Immaginate, allora, di viaggiare nello spazio a velocità crescente verso la costellazione di Orione (tanto per fare un esempio). Come la vedreste mentre la nave spaziale accelera sempre più? La risposta è data in Fig. 5 (ma guardatela solo dopo averci pensato un po’ sopra) dove il campo di vista resta sempre lo stesso (circa 30°): tutto viene compresso.
Essa vale tenendo conto solo dell’aberrazione. Se si tenesse conto anche dell’effetto Doppler le cose si complicherebbero ancora di più… l’Universo in un punto!
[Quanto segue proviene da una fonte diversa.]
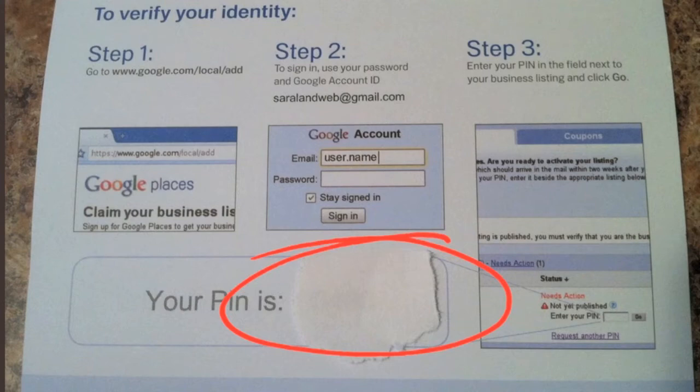Now, once you have that number, you've got to get it into Google with your business. So you're going to go to google.com/local/ad. This address is also on the letter you just received that had your PIN number.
Non esageriamo, però… Chi vuole saperne di più può andare a leggere questo bell’ articolo.
Ma torniamo alle osservazioni reali.
I gruppi che hanno approfittato della mente di Einstein sono dell’Università di Tel Aviv e dell’Harvard-Smithsonian Center for Astrophysics (CfA).
Oltre all’effetto spiegato precedentemente ne sono stati usati altri due. Il primo si rifà alla marea. La stella è deformata come una palla da rugby nella direzione del compagno planetario (che lo è ancora di più, ovviamente). Durante la rivoluzione attorno al baricentro l’area mostrata all’osservatore varia e quindi anche la luminosità, minima quando la direzione stella-pianeta è verso la Terra e massima, 90° prima o dopo. In modo simile a quanto capita per la curva di luce di un asteroide come già spiegato e come ci mostrano le splendide osservazioni del nostro amico Lorenzo Franco. Il terzo effetto è quello dovuto alla luce della stella riflessa dal pianeta. Essa è massima quando il pianeta è dietro la stella.
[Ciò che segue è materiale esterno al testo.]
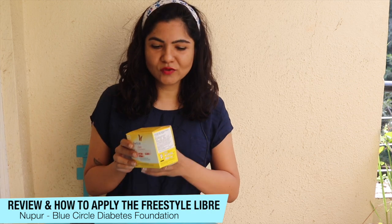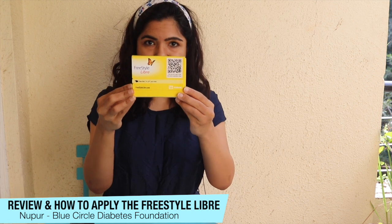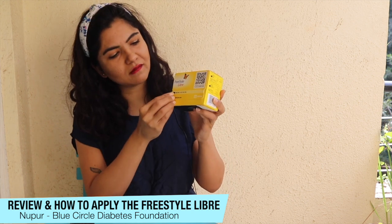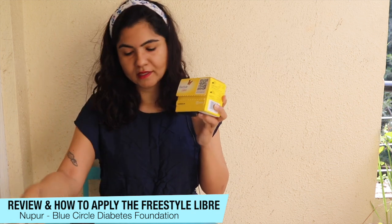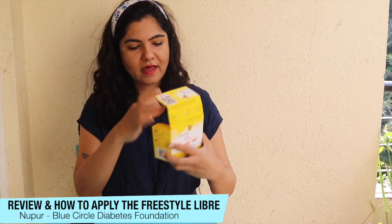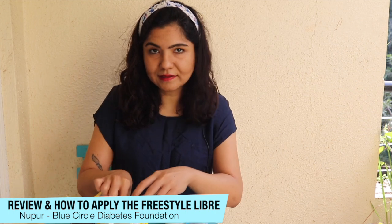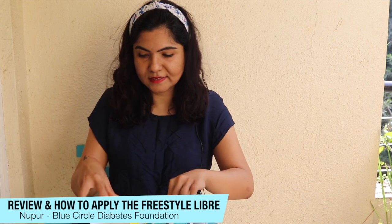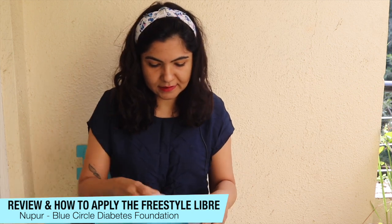Alright, so now we're going to apply a Libre Sensor that comes in this package. You can see that it's sealed, so I'm going to open the seal. Now the seal is open and I'm going to quickly open it up and show you what's inside. There are three parts to the sensor pack.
Bisogna tener presente che tutto ciò è indipendente dalla distanza della stella e in parte anche dall’inclinazione del piano orbitale (a meno che il suo asse non sia proprio diretto verso la Terra).
Una volta che il pianeta è stato identificato con questo metodo così sofisticato, esso è stato confermato attraverso misure di velocità radiale ottenute con lo spettrografo del Whipple (chissà come sarà contento anche da … lassù) Observatory in Arizona. Un’ulteriore, attenta occhiata ai dati di Kepler ha mostrato, inoltre, che in realtà il pianeta transita anche davanti alla stella (ma, come detto, non è una condizione necessaria per il nuovo metodo), in modo molto marginale come mostrato in Fig. 6.
Il pianeta Einstein, ufficialmente Kepler-76b, è un Giove caldo che rivolve attorno alla stella in un giorno e mezzo. Il suo diametro è di circa il 25% più grande di quello del nostro pianeta gigante e ha una massa doppia. La stella è di tipo F e si trova a circa 2000 anni luce, nella costellazione del Cigno.
Il pianeta è “bloccato” dalla marea rispetto alla stella e le mostra, quindi, sempre la stessa faccia, come la Luna fa con la Terra. Ciò significa che Kepler-76b “bolle” a una temperatura di circa 2000 °C.
Veramente interessante è il fatto che il pianeta ha un fortissimo vento superficiale che porta il punto più caldo della sua superficie non nella direzione diretta verso la stella, ma a circa 15000 km di distanza. Questo strano effetto è stato osservato solo una volta, su HD 189733b, da Spitzer in luce infrarossa.
Sebbene il nuovo metodo non possa scoprire, con la presente tecnologia, oggetti di dimensioni terrestri, esso offre risvolti unici in quanto non ha bisogno di spettri ad alta definizione e nemmeno di un transito.
Un articolo ENTUSIASMANTE che ti mette in moto il cervello ma anche la fantasia nel momento in cui ci si sofferma sulle possibilità offerte dalle nuove tecniche.... e un ennesimo tributo al nostro Albert... ce ne fossero di menti così.... Grazie Vincenzo !!
L'ideale dovrebbe essere una stella poco massiccia con un pianeta molto massiccio ed un'orbita "allungata" tipo quella della cometa di Halley.... corretto?
perchè dici che l'orbita deve essere allungata?
Il caro e vecchio Einstein è sempre una garanzia! Certo che un pianeta così grosso e massivo che orbita in un giorno e mezzo implica che sia davvero vicino alla stella...strano che non sia stato sgretolato dalle forze mareali!
Una curiosità...ma il forte vento superficiale, in che modo sarebbe stato dedotto??
Grazie Enzo!
Ciao,
Alex.
Ma nooooooooooooooooooooooooo....avete visto??